Supplied material >>
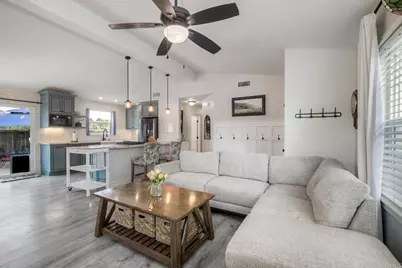 2208 Dante Ter, Vista, CA 92084 - Photo 7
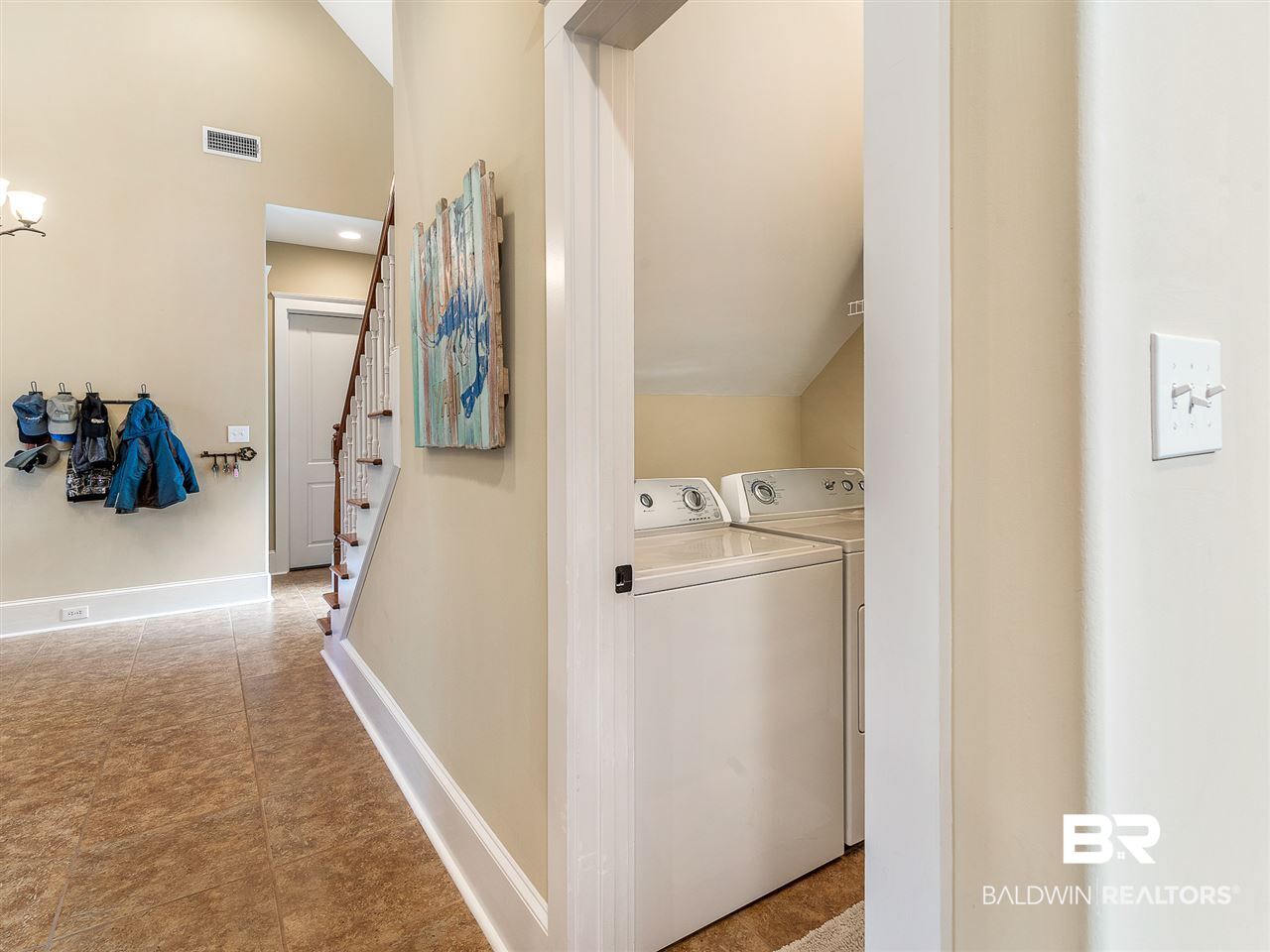 33344 Holbrook Lane Loxley, AL 36551 - Photo 18 of 50
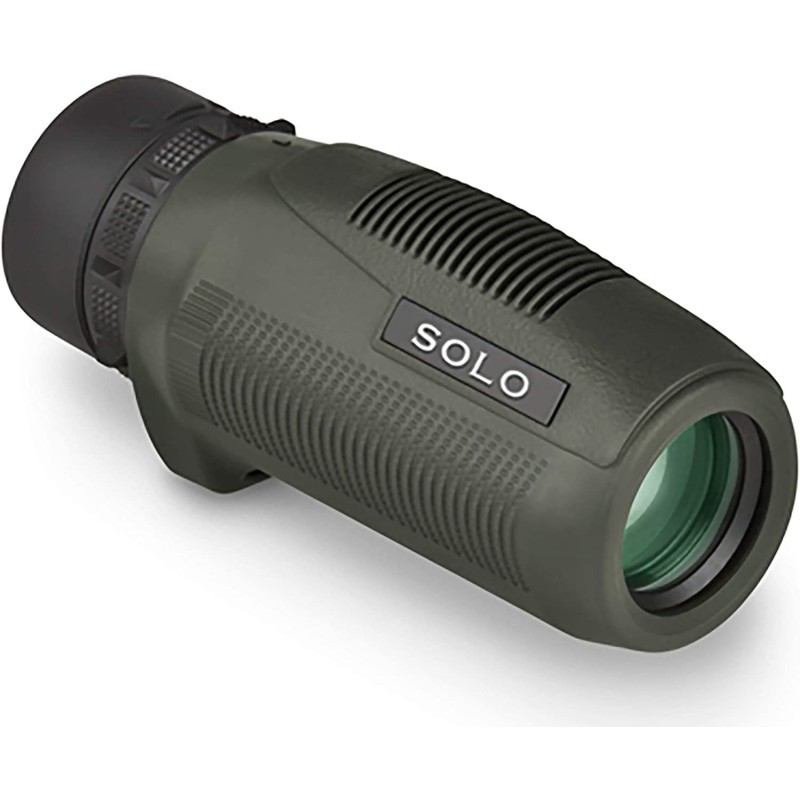 Monocular Vortex Solo 10X25
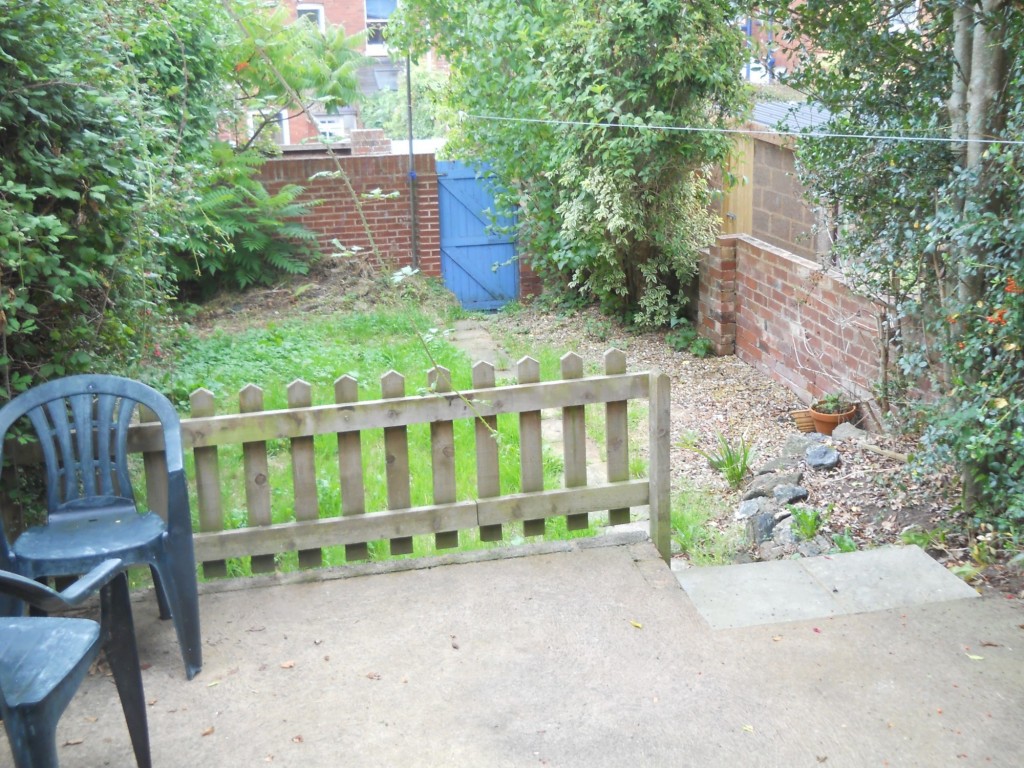 Images for Clinton Avenue, Exeter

Exercise description >> The required output is the lines from the one containing "Monocular Vortex Solo 10X25" through the end of the data, printed exactly, with no pictures.

Answer to this task >>
 Monocular Vortex Solo 10X25
 Images for Clinton Avenue, Exeter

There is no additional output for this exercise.